**Short web captions**
== Segment start ==
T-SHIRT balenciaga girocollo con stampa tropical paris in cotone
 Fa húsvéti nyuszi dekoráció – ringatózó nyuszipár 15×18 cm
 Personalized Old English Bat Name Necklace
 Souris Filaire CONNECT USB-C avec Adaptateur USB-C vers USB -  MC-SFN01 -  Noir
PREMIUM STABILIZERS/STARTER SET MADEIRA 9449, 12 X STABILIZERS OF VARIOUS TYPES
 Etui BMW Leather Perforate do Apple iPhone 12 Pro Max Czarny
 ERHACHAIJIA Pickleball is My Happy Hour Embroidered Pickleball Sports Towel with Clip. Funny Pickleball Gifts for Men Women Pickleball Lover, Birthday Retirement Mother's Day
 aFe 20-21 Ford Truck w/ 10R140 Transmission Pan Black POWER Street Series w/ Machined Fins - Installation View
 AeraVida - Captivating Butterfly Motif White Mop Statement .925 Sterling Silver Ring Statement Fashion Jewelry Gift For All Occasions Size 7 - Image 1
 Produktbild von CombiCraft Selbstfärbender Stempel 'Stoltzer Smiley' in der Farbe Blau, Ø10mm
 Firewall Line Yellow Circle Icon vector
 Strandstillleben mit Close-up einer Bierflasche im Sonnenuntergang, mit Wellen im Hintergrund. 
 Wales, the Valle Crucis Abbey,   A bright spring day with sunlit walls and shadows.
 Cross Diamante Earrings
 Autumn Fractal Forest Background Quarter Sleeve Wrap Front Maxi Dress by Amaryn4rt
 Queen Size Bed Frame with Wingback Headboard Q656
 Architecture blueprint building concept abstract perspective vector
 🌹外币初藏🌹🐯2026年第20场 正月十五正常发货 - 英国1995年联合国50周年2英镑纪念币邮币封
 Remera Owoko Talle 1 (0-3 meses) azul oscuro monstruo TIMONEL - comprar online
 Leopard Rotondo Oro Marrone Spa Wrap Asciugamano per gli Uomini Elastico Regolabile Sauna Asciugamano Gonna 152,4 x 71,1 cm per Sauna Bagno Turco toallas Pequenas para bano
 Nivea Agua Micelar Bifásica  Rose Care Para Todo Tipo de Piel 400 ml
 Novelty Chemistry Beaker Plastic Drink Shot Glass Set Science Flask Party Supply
== Segment end ==
**Task objective**
Write out the records above exactly, from the opening line to the line with "Queen Size Bed", including both, with nothing added.

**Response box**
T-SHIRT balenciaga girocollo con stampa tropical paris in cotone
 Fa húsvéti nyuszi dekoráció – ringatózó nyuszipár 15×18 cm
 Personalized Old English Bat Name Necklace
 Souris Filaire CONNECT USB-C avec Adaptateur USB-C vers USB -  MC-SFN01 -  Noir
PREMIUM STABILIZERS/STARTER SET MADEIRA 9449, 12 X STABILIZERS OF VARIOUS TYPES
 Etui BMW Leather Perforate do Apple iPhone 12 Pro Max Czarny
 ERHACHAIJIA Pickleball is My Happy Hour Embroidered Pickleball Sports Towel with Clip. Funny Pickleball Gifts for Men Women Pickleball Lover, Birthday Retirement Mother's Day
 aFe 20-21 Ford Truck w/ 10R140 Transmission Pan Black POWER Street Series w/ Machined Fins - Installation View
 AeraVida - Captivating Butterfly Motif White Mop Statement .925 Sterling Silver Ring Statement Fashion Jewelry Gift For All Occasions Size 7 - Image 1
 Produktbild von CombiCraft Selbstfärbender Stempel 'Stoltzer Smiley' in der Farbe Blau, Ø10mm
 Firewall Line Yellow Circle Icon vector
 Strandstillleben mit Close-up einer Bierflasche im Sonnenuntergang, mit Wellen im Hintergrund. 
 Wales, the Valle Crucis Abbey,   A bright spring day with sunlit walls and shadows.
 Cross Diamante Earrings
 Autumn Fractal Forest Background Quarter Sleeve Wrap Front Maxi Dress by Amaryn4rt
 Queen Size Bed Frame with Wingback Headboard Q656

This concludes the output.